A uniform, pluggable way to add optional, always-defined per-clone columns to any TCR table, plus the PRISM selection method.

Pgen / Ppost — robust, never-zero (#157)

The OLGA/SONIA runtime path returned Pgen = 0 on ~3.5–5% of α junctions (CDR3s not ending in the conserved F/W — an anchor parse failure), and Ppost inherited it, mis-ranking exactly the rare clones of interest. The data-driven backends in seqprob are finite for every valid junction.

Two roles per chain:

  • Pgen — model fit on an OLGA-generated (synthetic) repertoire = generation probability.
  • Ppost (default) — model fit on an observed repertoire = post-selection publicness. log_q = log Ppost − log Pgen is the data-driven selection factor (Q = Ppost/Pgen).
from tcrsift.annotate_tcrs import add_pgen_ppost
clones = add_pgen_ppost(clones)   # pgen_/ppost_/log_q_ {alpha,beta}

Shipped k-mer defaults: Pgen (α+β, OLGA-generated) and Ppost (β, observed). No observed α reference is bundled → α-Ppost falls back to α-Pgen (finite, not circular) with a logged note until one is supplied. TCRpeg is the higher-accuracy backend (backend="tcrpeg", needs pip install tcrsift[tcrpeg]).

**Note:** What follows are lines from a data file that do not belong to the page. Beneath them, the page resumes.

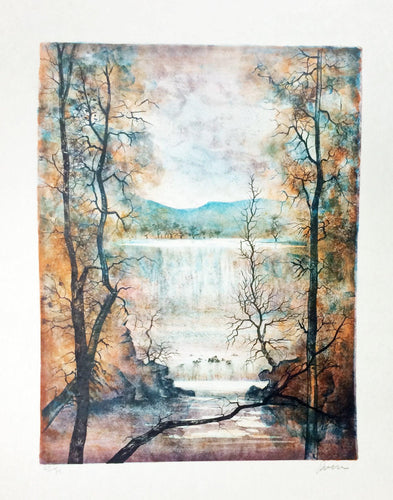 La Cascade Lithograph | Antonio Rivera,{{product.type}}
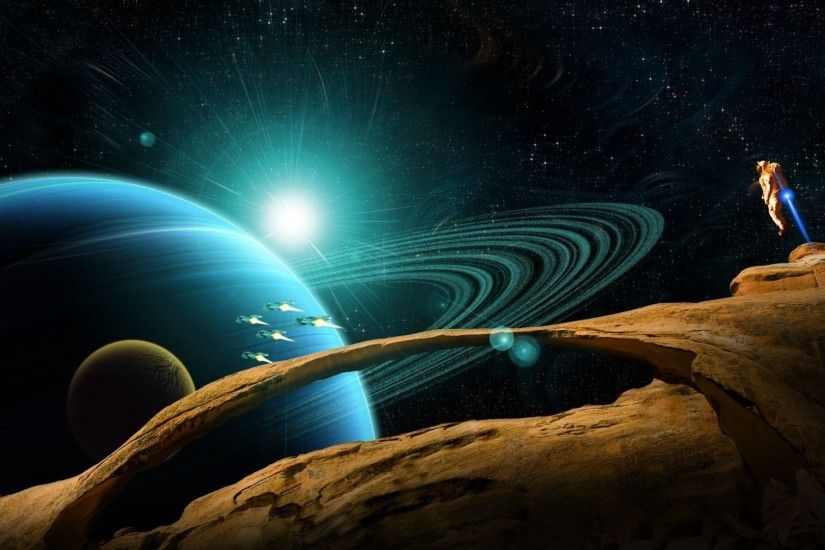 Sci Fi - Planetary Ring Wallpaper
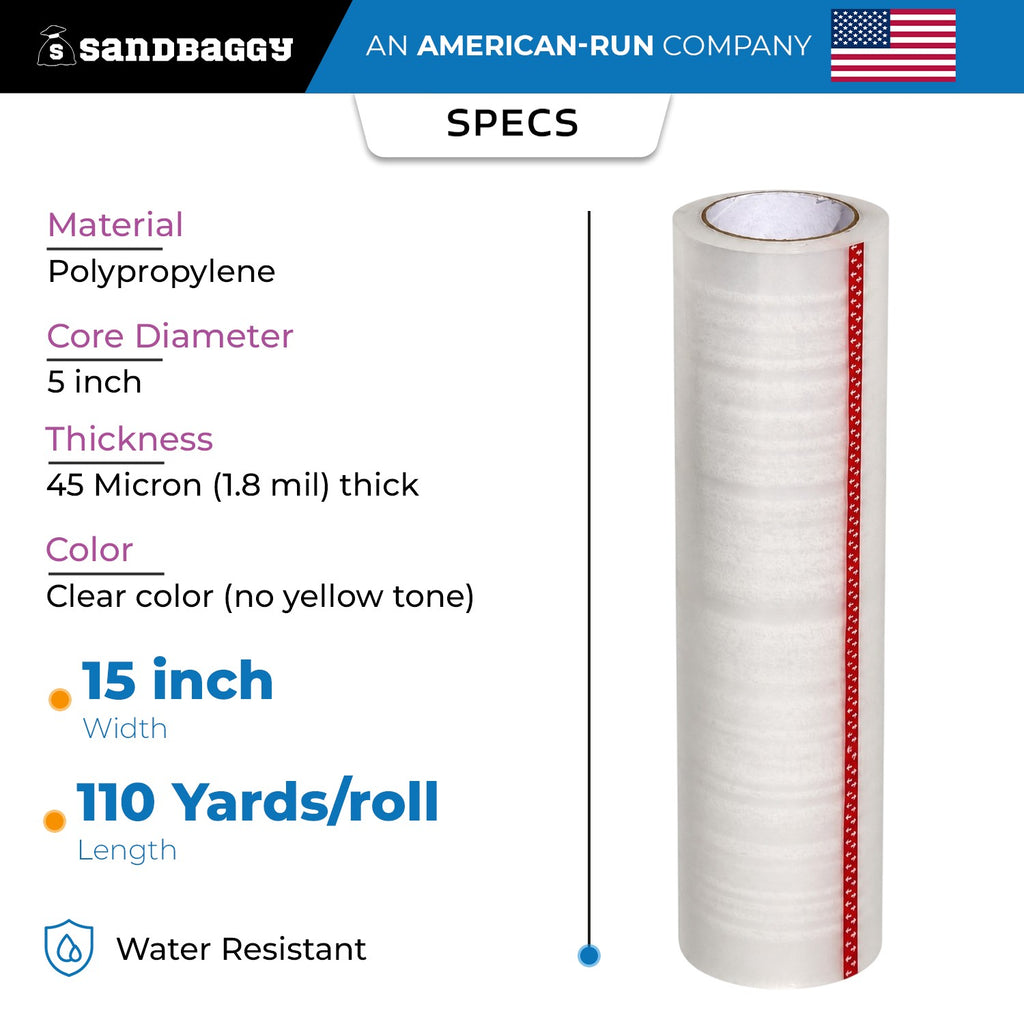 15 inch wide packing tape 
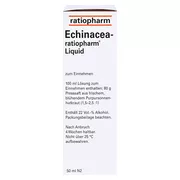 Echinacea ratiopharm Liquid 50 ml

GEX signature scores, z-scored per sample/donor

antigen_response_score (TNFRSF9, MKI67) and naive_score (TCF7, LEF1, CCR7, SELL, IL7R, CD27, CD28) from per-cell expression, z-scored within each sample or donor group (#144/#145) before averaging per clone:

from tcrsift.annotate_tcrs import add_gex_signature_scores
clones = add_gex_signature_scores(clones, per_cell, group_col="sample")

per_cell has gex.<SYMBOL> columns + a clone column + the group column.

PRISM — Percentile-Rank In-Silico Multi-criterion

Rank every clone by the mean of percentile ranks of: low ppost_alpha, low ppost_beta, high antigen_response_score, low naive_score; take the top-K. Pilot result: ~33% / 45% condition-private clones vs 6% / 17% for frequency selection.

from tcrsift.annotate_tcrs import annotate_tcrs, select_prism

annotated = annotate_tcrs(clones, per_cell=per_cell, group_col="sample",
                          backend="kmer")
picks = select_prism(annotated, k=20, group_col="enrichment_method")

Per-dimension weights and K are tunable; PRISM composes with the in-silico filter layer (insilico_filter).

annotate_tcrs

Uniform per-clone TCR annotation API + PRISM selection (#158).

Adds optional, always-defined columns to any table of TCRs — generated sequences, clonotypes.csv, filtered/selected clones — and a named selection method, PRISM, built on them. Every annotation is independently toggleable; the sequence-probability columns never return 0/NaN for a valid junction (#157), unlike the OLGA/SONIA runtime path.

Annotations
  • Pgen / Ppost per chain (pgen_alpha/pgen_beta, ppost_alpha/ppost_beta) via :mod:tcrsift.seqprob. Ppost (observed-repertoire background) is the default publicness measure; log_q_<chain> = log Ppost − log Pgen is the data-driven selection factor.
  • GEX signature scores (antigen_response_score, naive_score) from per-cell expression, z-scored within each sample or donor group (#144/#145), then averaged per clone.
PRISM (Percentile-Rank In-Silico Multi-criterion)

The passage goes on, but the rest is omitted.